# Screenprint Labels done in Bulk?



## timbofresh (Sep 23, 2010)

Howdy, I have been running my t shirt biz for a while now, and up to this point we have had our printer relabel our shirts for us.
However, we use various printers from time to time depending on the project and not every printer can do the relabeling.

I am curious to know if anyone has ever had mass labels printed (i.e 50 on one sheet) and then heat pressed them into their tees themselves? This would be something of great interest, especially when we do really smalls runs. I have a heat press.

Any help/advice would be appreciated!


----------



## ggraphics (Nov 20, 2008)

Try some of these threads. I did a search for "plastisol transfer labels". This may be useful to you. Good luck.
T-Shirt Forums Search Results


----------



## Foundation (Dec 8, 2009)

I've been doing this recently and it's worked out pretty well, we ganged all the sizes onto one sheet and fit a lot of tags onto one page.


----------



## adivito (Aug 25, 2006)

We did this on a couple small runs of our own, and yes it works but it does not have the same feel as a direct print. An efficient option for you may be to have a run of shirts done with just the labels, then hold onto the blanks until you decide what to print for the main design.


----------



## timbofresh (Sep 23, 2010)

Thanks for the helps guys that link helps a lot!

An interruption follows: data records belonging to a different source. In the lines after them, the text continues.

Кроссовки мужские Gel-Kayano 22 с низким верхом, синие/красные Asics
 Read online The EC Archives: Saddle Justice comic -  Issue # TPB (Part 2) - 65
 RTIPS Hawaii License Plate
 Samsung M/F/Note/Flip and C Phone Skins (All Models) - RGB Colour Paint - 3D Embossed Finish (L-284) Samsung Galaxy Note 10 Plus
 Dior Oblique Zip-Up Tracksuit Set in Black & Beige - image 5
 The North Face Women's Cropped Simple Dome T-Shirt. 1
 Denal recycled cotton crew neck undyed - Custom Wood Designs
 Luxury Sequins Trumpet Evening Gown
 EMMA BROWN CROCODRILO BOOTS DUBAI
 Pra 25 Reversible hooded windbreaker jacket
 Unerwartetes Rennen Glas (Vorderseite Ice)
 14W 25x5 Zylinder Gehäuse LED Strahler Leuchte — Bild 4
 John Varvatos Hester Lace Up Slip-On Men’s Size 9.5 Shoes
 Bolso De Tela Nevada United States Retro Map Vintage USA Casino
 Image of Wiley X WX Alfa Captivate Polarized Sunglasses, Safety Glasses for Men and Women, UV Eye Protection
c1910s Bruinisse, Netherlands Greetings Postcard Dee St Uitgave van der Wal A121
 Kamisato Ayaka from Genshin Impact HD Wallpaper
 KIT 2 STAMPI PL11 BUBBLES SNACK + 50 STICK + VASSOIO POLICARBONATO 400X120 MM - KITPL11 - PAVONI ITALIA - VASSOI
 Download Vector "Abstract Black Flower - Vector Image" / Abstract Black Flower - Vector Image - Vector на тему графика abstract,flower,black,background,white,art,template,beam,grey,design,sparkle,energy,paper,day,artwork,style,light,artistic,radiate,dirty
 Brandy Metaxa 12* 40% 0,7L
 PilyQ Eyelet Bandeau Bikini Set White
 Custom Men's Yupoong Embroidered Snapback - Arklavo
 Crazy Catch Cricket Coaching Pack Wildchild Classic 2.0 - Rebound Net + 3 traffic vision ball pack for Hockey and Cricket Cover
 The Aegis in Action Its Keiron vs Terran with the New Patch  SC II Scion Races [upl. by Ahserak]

And thats a great idea, getting blanks preprinted...I never thought about that!


----------



## Rodney (Nov 3, 2004)

timbofresh said:


> Howdy, I have been running my t shirt biz for a while now, and up to this point we have had our printer relabel our shirts for us.
> However, we use various printers from time to time depending on the project and not every printer can do the relabeling.
> 
> I am curious to know if anyone has ever had mass labels printed (i.e 50 on one sheet) and then heat pressed them into their tees themselves? This would be something of great interest, especially when we do really smalls runs. I have a heat press.
> ...


Yes, I've done this before. I used TransferExpress to print the tags on a sheet (I think I had about 30 to a sheet) and then had them applied to the t-shirts.


----------